From: Scott Chase (ecphoric@hotmail.com)
Date: Wed 05 Mar 2003 - 06:58:50 GMT
>From: "Wade T. Smith" <wade.t.smith@verizon.net>
>Reply-To: memetics@mmu.ac.uk
>To: memetics@mmu.ac.uk
>Subject: Re: memetics-digest V1 #1299
>Date: Mon, 3 Mar 2003 07:47:44 -0500
>
>
>On Sunday, March 2, 2003, at 11:06 PM, memetics-digest wrote:
>
>>If you reproduced one of the artifacts
>>left by an Indian tribe to the degree that it couldn't be distinguished 
>>from
>>the original, wouldn't you have received the information contained in the
>>making of it?
>
>No. Please explain how I could? Xerox is not culture.
>
>
Going through the pains of handwriting an essay in cursive and photocopying 
that essay are not the same. You might make a good copy of a tool, but you 
may not now the context that was the undercurrent for creating that tool. 

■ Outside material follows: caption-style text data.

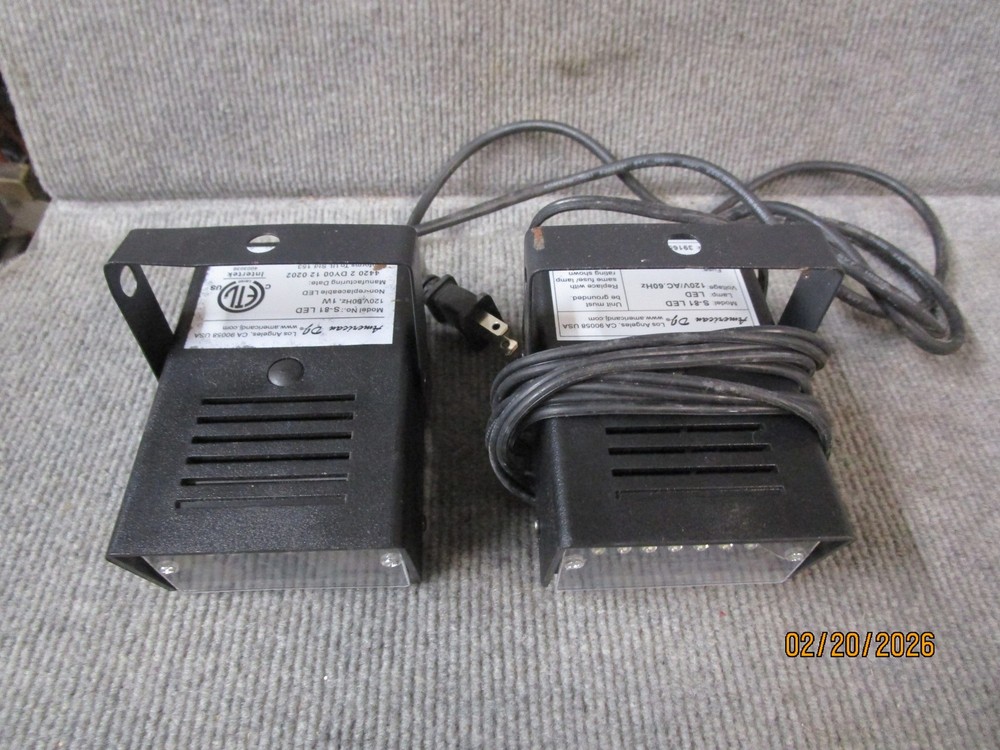 2 American DJ S-81 LED Light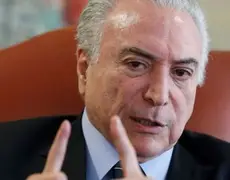Temer é consultado sobre estratégia para proteger Bolsonaro de uma eventual prisão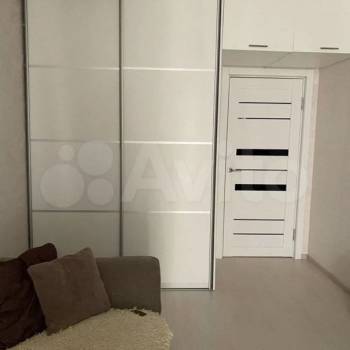 Продается 1-комнатная квартира, 38,3 м²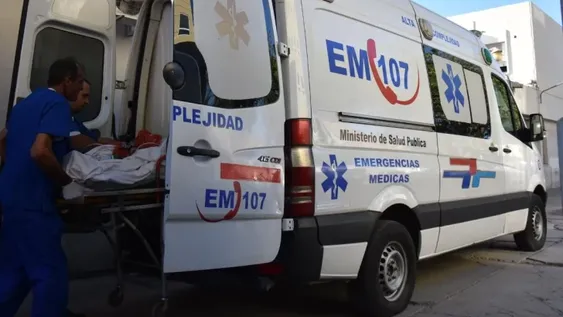 Reparaba el techo, cayó sobre una reja y sufrió una grave herida en su abdomen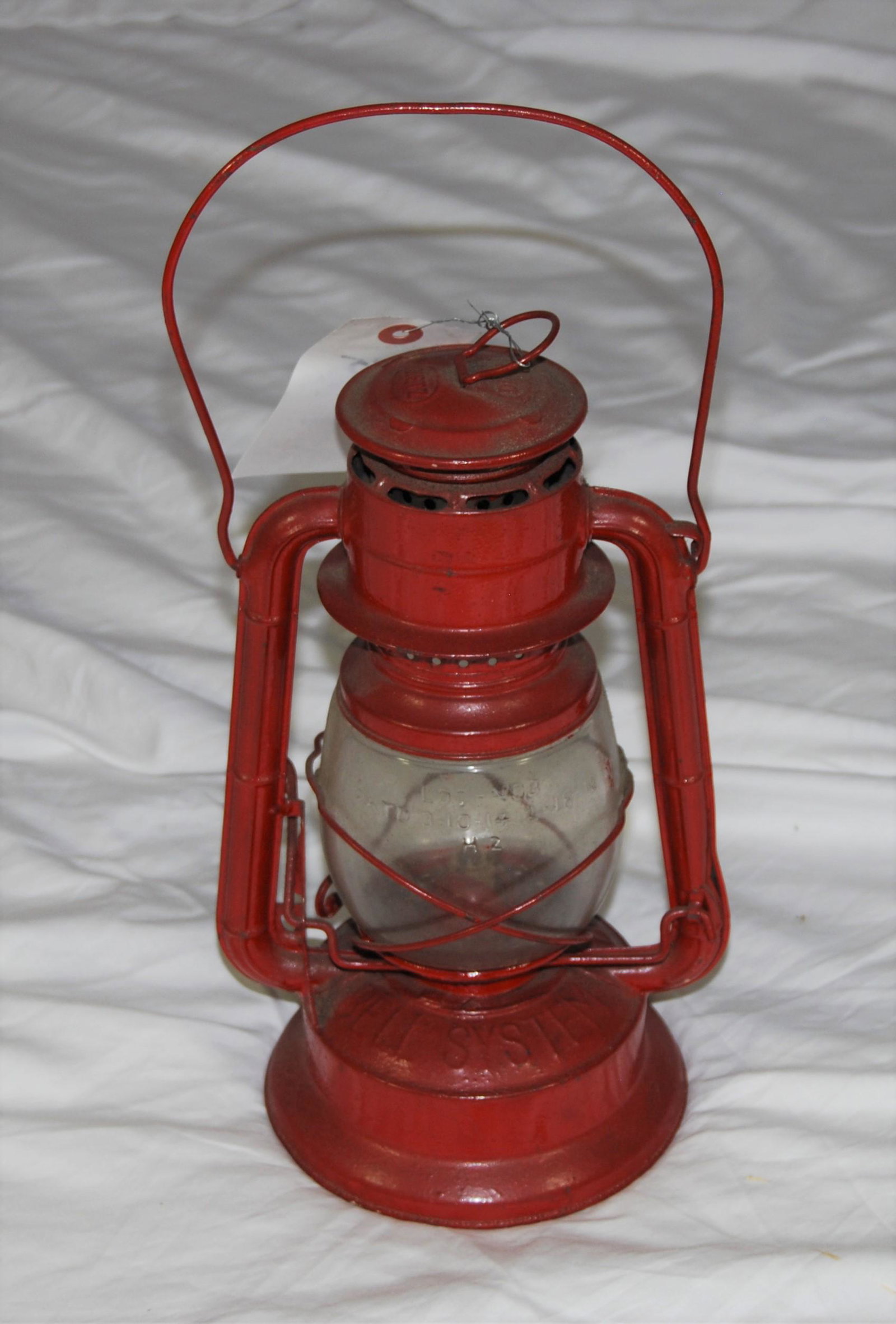 Dietz Lantern-Bell System Little Wizard: Vintage Dietz Bell System Little Wizard Kerosene Lantern. Red lantern with clear globe. Marked on globe "Patd 3-10-14 2-18-18" Nice condition. 15"h to top of handle.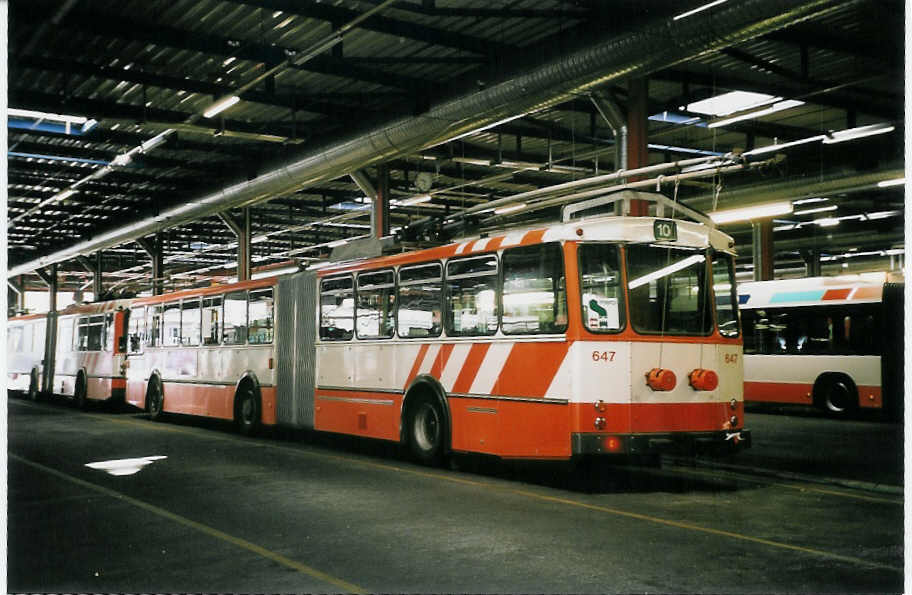 (062'412) - TPG Gen�ve - Nr. 647 - FBW/Hess Gelenktrolleybus am 4. August 2003 in Gen�ve, D�p�t
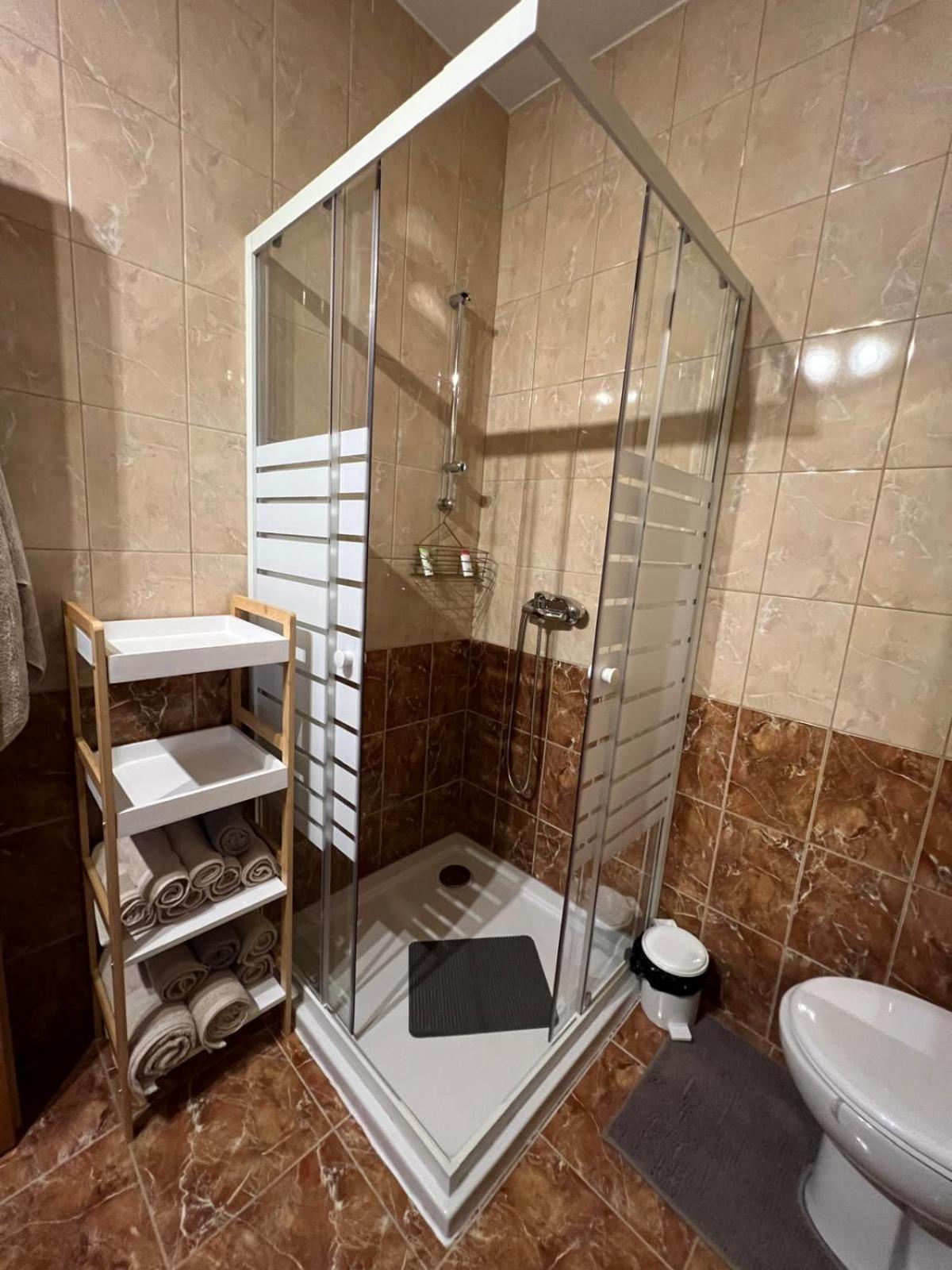 מריבור Centralpark Suites מראה חיצוני תמונה
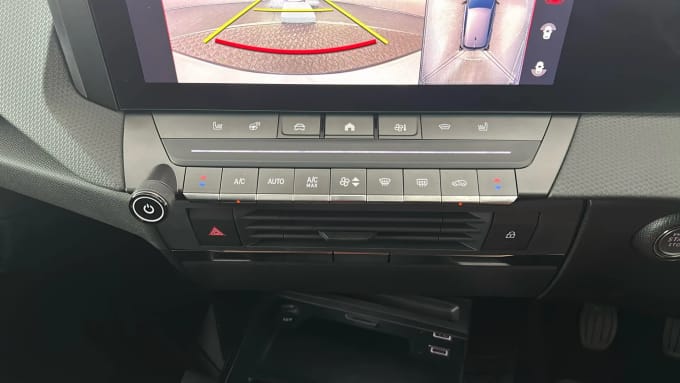2024 Vauxhall Astra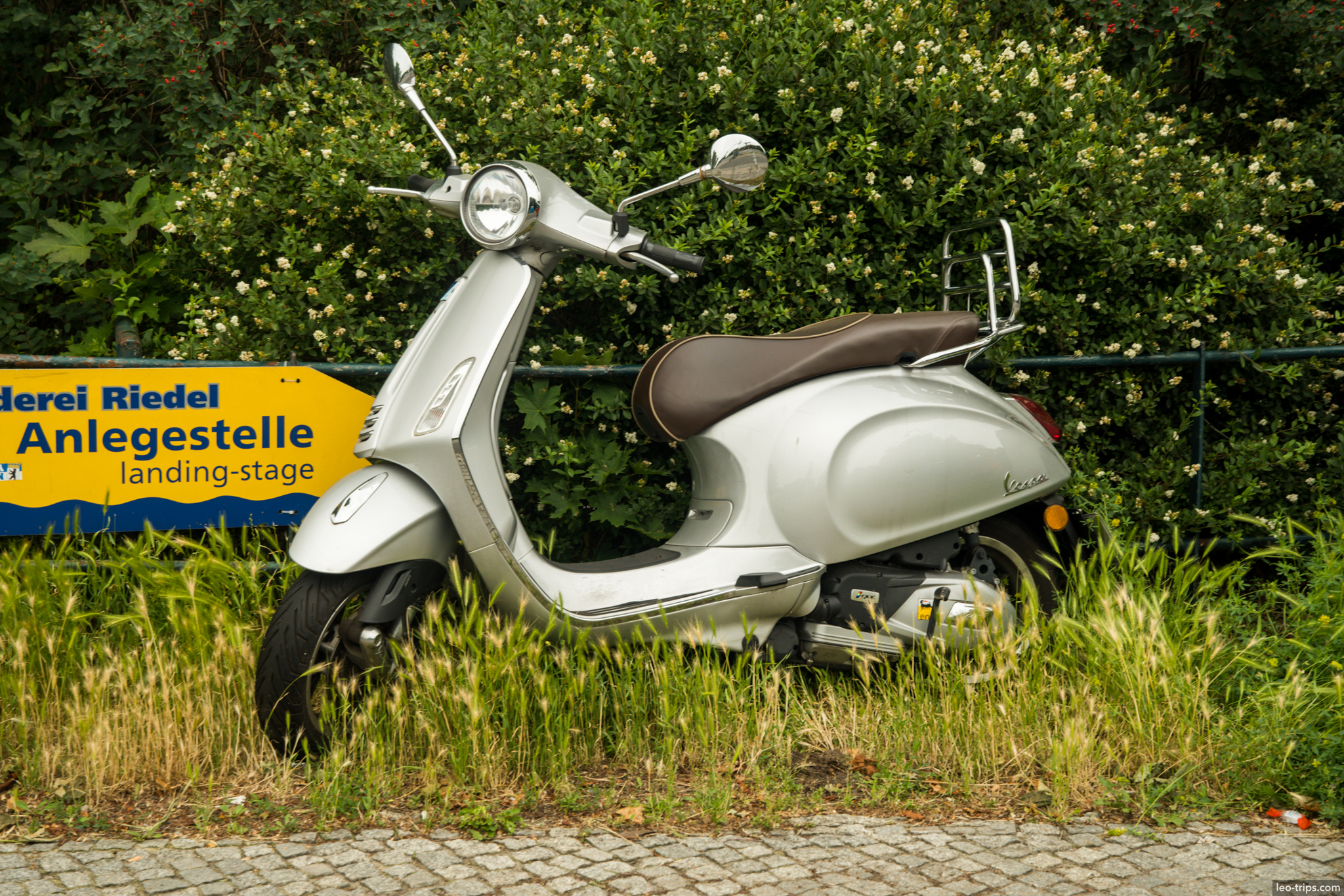 berlin vespa silver scooter riedel anlegestelle berlin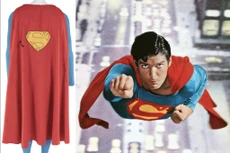 Áo choàng siêu nhân được đấu giá hơn 110.000 USD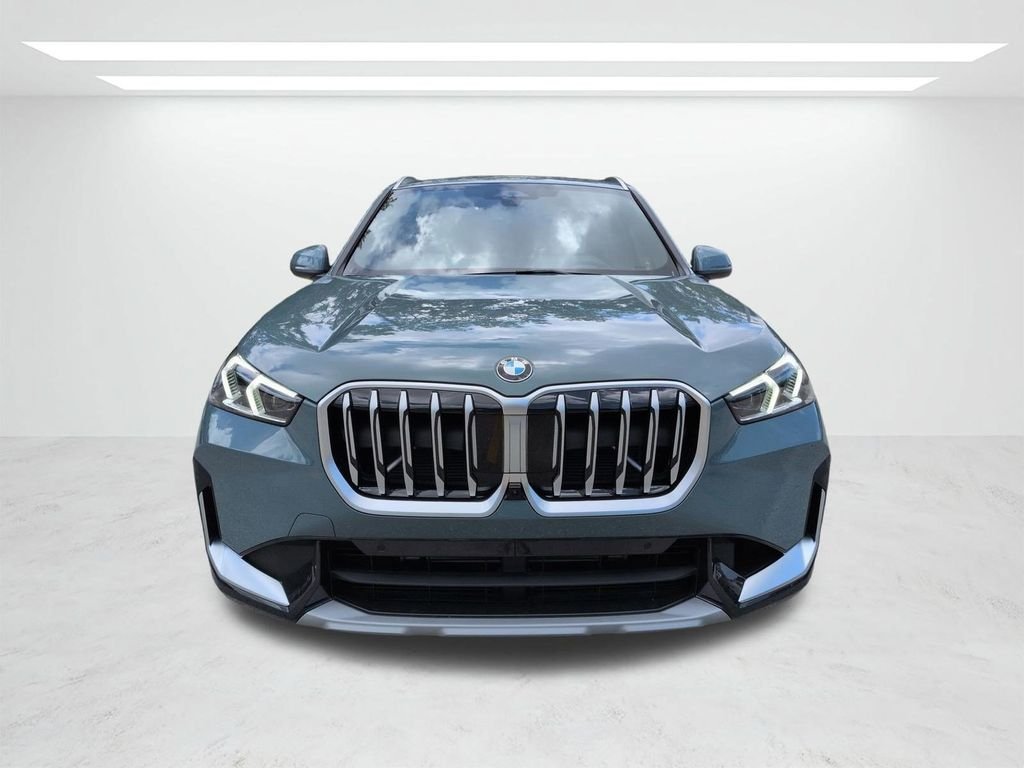 New 2026 Cape York Green Metallic BMW xDrive28i image 9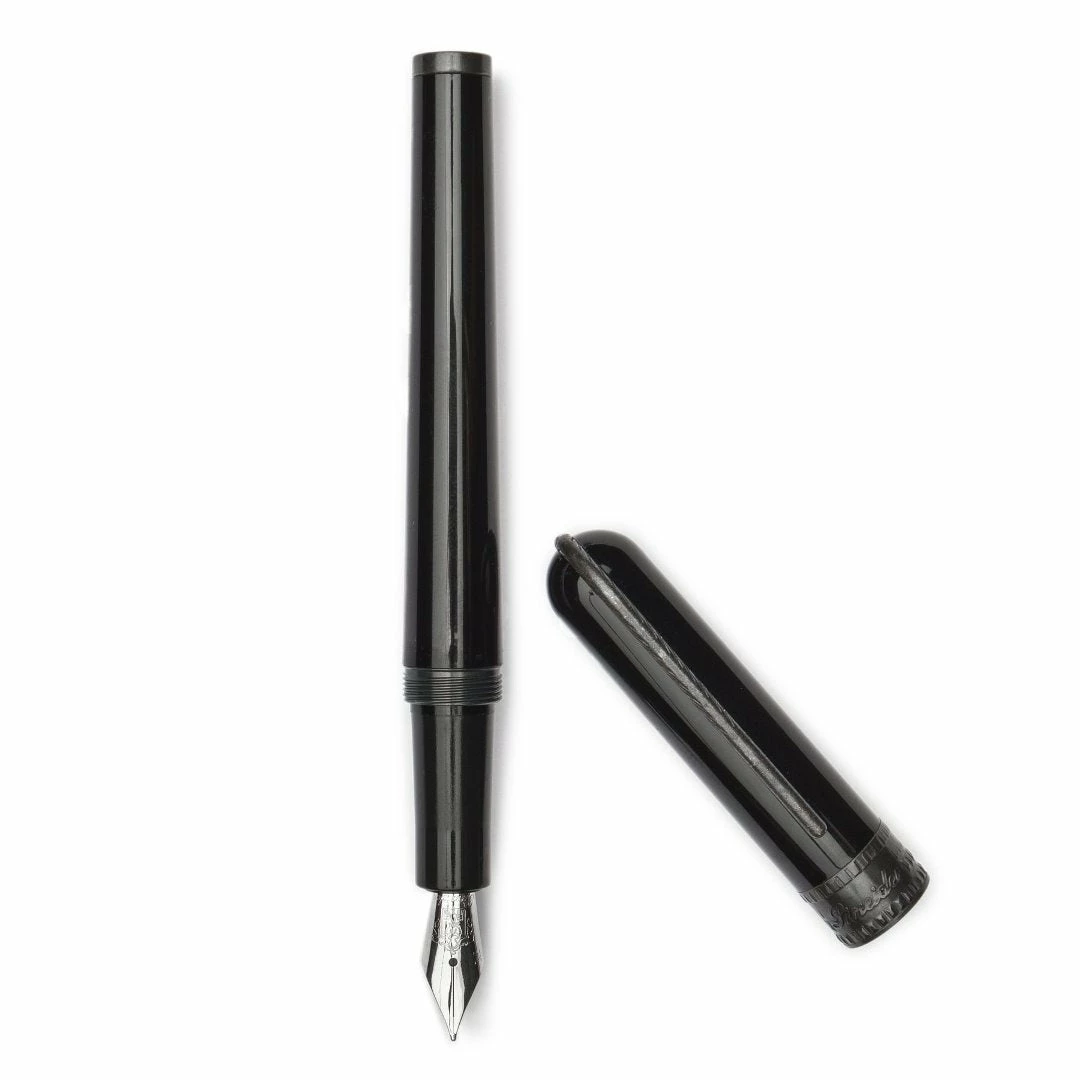 Pineider Metropolis Fountain Pen, Black 3 Pineider Metropolis Fountain Pen, Black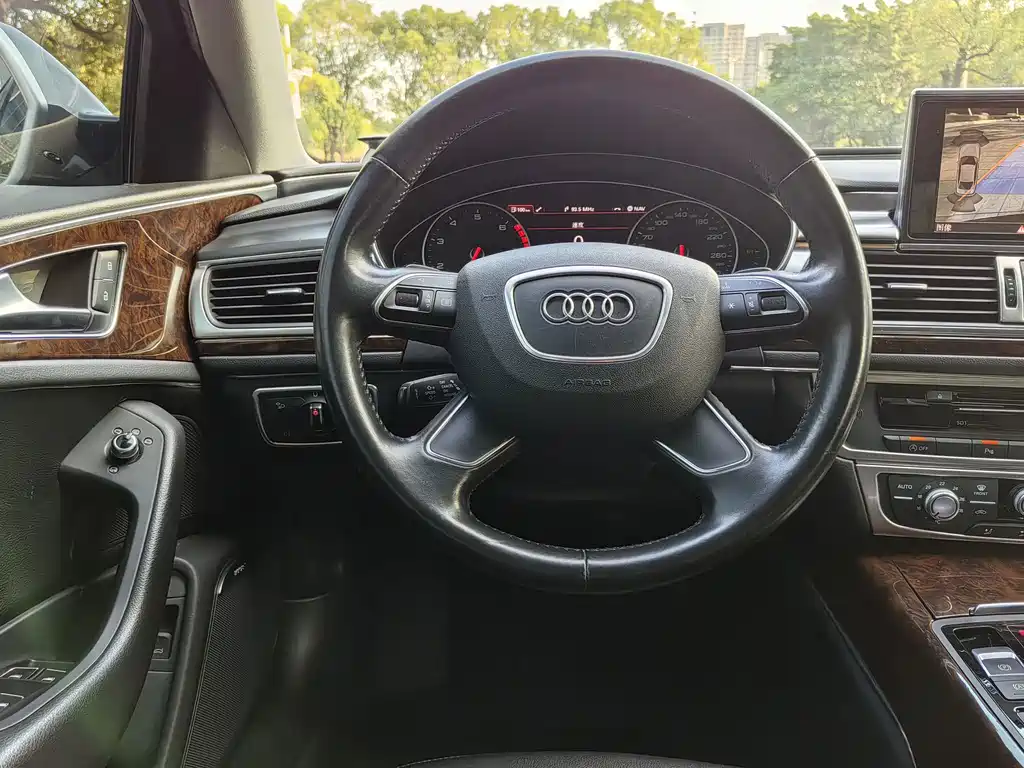 Audi A6L — миниатюра 28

What if there was a ritual or ceremony involved in creating an artifact, but 
we have no clue as preserve in the historical record as to what these may 
have been. We can use a certan method to reconstruct thse tool, but how do 
we know we are gathering materials in the same way as the original or using 
the same method of construction? How would we know hat manner in with the 
gathering and construction methods were passed from generation to 
generation? How would we have a clue as to the milieu that the artifact was 
immersed within if this crucial information has been lost forever?